* **ACTION ITEM**: Tally up how many lines in the listing below contain the string "wooden", and give only the total.

--- RAW DATA ---

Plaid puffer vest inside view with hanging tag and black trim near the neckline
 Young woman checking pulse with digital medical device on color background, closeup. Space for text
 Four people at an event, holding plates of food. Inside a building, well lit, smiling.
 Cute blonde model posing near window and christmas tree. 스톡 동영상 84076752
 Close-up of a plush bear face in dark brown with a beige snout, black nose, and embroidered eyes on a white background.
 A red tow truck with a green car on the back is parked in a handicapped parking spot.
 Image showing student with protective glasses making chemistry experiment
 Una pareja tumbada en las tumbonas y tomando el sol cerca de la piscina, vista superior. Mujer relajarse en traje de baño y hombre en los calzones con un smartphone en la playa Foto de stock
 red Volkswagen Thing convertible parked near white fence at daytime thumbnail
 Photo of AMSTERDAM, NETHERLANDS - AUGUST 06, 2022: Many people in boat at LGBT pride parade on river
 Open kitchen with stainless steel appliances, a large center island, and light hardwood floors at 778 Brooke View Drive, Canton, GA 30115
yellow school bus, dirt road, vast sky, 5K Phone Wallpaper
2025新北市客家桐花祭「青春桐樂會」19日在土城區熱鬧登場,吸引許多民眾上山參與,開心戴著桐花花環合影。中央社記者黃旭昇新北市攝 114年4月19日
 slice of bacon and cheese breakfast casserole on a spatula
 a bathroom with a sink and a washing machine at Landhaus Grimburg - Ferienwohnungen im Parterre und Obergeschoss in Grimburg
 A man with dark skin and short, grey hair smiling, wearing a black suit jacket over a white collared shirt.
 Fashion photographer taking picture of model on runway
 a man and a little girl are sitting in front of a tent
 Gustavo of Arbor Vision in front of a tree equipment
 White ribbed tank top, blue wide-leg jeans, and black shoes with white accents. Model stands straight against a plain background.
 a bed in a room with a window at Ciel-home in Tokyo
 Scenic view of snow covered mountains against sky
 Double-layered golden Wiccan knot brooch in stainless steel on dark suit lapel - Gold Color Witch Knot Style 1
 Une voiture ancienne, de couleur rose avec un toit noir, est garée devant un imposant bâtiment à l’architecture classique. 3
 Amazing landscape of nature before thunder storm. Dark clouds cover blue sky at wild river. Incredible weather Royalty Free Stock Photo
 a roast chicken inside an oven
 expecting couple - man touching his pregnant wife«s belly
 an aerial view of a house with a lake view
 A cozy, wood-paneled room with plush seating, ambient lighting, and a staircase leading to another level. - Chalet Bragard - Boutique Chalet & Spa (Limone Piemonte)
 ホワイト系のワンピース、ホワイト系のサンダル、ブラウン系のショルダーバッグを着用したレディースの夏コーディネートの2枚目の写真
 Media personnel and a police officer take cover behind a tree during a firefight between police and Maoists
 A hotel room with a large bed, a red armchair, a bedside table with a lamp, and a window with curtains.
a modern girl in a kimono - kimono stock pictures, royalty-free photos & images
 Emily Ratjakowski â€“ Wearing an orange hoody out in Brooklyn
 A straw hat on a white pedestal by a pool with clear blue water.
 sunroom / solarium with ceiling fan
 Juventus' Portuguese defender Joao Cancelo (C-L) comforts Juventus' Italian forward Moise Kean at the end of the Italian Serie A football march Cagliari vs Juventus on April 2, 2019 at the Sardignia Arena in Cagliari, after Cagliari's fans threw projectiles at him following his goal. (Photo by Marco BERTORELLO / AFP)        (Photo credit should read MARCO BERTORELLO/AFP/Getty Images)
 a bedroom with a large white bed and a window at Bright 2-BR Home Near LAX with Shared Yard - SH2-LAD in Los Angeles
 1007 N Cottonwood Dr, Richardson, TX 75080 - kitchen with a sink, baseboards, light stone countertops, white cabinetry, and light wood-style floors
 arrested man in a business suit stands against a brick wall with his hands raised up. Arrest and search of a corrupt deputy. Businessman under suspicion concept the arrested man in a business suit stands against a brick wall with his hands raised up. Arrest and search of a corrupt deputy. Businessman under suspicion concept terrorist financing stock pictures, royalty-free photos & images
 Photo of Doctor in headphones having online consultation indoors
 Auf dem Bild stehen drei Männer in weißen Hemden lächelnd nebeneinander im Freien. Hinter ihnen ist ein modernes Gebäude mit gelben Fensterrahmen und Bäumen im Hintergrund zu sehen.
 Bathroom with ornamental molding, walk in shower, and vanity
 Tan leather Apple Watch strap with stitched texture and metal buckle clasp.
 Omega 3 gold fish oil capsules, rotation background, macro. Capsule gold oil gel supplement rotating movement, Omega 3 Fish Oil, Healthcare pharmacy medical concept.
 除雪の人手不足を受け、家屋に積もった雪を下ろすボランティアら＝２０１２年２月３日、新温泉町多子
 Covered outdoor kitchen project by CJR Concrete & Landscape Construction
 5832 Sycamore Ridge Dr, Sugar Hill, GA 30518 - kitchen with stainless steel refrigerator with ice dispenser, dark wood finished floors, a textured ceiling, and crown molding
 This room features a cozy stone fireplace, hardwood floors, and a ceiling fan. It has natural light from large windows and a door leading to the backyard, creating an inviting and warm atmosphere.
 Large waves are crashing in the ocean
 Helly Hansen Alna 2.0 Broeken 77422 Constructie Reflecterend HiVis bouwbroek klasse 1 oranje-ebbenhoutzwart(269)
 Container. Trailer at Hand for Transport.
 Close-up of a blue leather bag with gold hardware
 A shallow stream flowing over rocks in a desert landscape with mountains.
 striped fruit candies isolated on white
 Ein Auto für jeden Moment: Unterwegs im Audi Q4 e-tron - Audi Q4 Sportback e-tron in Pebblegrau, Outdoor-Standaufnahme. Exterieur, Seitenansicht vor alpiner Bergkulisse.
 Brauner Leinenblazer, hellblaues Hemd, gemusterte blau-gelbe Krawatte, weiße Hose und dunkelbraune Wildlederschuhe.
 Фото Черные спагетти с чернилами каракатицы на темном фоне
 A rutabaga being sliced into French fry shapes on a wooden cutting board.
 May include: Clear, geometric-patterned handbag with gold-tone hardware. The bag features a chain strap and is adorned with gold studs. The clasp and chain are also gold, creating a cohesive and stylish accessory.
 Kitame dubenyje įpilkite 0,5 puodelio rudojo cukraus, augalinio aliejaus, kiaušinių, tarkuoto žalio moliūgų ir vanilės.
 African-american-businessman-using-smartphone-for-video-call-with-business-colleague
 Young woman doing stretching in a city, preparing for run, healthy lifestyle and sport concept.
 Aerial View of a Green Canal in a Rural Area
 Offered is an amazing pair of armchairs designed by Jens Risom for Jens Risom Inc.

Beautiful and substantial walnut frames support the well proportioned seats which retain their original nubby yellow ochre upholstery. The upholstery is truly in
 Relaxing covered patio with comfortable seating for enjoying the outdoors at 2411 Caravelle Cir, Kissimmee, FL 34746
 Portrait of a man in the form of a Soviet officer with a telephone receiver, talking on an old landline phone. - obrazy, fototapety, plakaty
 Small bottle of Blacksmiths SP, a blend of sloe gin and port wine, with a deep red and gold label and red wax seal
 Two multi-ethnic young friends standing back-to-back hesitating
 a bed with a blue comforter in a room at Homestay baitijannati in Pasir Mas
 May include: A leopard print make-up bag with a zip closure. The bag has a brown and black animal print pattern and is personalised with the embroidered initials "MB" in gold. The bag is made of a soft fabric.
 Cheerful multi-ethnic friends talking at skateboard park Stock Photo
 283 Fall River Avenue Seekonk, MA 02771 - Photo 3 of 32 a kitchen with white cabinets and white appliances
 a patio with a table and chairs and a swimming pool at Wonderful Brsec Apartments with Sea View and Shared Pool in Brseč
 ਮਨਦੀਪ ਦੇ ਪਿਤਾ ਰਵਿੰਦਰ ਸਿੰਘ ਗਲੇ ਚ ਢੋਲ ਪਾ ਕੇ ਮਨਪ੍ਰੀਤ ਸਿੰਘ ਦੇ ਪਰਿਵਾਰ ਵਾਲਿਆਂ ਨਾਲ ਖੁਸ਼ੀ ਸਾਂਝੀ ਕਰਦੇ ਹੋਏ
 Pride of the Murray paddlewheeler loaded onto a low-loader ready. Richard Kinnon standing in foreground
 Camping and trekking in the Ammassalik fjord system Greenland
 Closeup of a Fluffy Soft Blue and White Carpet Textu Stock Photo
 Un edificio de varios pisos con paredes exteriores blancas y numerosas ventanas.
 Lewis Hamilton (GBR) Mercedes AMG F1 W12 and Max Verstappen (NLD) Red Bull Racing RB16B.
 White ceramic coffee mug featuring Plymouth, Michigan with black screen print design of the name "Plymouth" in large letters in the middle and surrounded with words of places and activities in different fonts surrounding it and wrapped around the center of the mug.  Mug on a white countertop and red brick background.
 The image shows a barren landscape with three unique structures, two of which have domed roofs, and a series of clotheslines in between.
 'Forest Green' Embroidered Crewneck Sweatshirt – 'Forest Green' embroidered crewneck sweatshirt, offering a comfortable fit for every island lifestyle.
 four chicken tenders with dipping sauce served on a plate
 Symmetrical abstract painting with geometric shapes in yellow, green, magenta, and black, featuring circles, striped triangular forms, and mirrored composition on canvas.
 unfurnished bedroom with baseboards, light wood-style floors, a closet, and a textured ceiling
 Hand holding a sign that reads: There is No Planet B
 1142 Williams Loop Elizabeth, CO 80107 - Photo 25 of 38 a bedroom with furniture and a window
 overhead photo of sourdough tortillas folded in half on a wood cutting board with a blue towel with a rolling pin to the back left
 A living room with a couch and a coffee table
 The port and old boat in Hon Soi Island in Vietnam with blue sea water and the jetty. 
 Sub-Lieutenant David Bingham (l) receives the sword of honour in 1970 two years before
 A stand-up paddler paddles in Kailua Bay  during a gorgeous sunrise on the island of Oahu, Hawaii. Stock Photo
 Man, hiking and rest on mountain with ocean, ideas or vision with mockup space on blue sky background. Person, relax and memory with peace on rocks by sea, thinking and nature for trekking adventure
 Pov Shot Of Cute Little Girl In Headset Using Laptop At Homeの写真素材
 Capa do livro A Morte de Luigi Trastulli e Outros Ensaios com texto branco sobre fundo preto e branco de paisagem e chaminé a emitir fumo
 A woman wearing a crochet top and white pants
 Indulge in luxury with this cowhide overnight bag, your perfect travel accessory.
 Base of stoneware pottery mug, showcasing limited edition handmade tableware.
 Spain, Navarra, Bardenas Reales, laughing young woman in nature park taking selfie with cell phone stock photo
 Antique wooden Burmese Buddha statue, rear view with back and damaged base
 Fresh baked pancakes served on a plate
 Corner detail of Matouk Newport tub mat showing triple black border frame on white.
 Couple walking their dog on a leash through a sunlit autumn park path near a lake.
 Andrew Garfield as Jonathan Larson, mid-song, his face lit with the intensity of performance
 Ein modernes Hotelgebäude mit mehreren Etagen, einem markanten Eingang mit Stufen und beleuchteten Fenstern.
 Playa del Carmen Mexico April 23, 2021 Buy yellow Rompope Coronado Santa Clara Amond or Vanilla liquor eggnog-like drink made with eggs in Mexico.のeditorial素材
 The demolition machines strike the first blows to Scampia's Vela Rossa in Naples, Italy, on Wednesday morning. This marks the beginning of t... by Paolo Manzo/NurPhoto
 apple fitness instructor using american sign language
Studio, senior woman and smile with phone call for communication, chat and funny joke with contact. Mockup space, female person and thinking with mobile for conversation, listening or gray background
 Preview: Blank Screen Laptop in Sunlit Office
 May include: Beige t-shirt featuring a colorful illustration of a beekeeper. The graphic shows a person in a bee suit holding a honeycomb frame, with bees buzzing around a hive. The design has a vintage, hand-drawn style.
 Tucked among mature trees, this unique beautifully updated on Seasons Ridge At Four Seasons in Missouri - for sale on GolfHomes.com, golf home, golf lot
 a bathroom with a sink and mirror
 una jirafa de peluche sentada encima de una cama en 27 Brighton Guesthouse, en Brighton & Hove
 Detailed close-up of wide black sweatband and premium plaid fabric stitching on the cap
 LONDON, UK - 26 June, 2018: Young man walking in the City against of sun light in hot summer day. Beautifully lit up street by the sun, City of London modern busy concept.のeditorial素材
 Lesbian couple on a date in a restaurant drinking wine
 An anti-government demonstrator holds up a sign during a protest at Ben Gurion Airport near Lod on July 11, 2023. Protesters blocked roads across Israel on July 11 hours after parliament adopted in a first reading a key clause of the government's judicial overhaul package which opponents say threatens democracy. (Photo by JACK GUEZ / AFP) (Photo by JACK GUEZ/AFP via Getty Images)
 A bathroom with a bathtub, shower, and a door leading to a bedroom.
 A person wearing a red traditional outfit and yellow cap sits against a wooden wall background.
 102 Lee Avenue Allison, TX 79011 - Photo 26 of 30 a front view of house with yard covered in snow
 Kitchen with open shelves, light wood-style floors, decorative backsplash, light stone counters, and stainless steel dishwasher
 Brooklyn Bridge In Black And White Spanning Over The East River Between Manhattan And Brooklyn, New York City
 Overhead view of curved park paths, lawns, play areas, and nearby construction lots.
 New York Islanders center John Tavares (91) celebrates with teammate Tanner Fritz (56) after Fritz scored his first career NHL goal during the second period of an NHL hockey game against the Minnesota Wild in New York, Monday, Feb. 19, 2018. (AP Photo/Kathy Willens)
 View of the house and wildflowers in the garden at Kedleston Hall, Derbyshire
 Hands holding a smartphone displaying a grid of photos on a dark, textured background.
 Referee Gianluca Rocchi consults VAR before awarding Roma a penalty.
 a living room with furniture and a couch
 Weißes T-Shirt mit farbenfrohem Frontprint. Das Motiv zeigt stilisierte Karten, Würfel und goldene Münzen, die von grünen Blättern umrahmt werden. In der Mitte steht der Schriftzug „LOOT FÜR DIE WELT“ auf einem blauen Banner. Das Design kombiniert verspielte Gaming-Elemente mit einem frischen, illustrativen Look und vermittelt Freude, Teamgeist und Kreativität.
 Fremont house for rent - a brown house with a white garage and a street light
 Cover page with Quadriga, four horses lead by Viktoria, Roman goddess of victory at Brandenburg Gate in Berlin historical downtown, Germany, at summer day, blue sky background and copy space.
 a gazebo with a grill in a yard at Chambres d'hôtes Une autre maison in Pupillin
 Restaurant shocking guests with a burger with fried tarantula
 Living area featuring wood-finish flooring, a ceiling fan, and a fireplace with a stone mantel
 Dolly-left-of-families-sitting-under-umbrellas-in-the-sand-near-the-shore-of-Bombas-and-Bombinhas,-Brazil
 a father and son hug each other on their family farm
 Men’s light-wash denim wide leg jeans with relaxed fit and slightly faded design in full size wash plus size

---

* **FINISHED TASK**: 3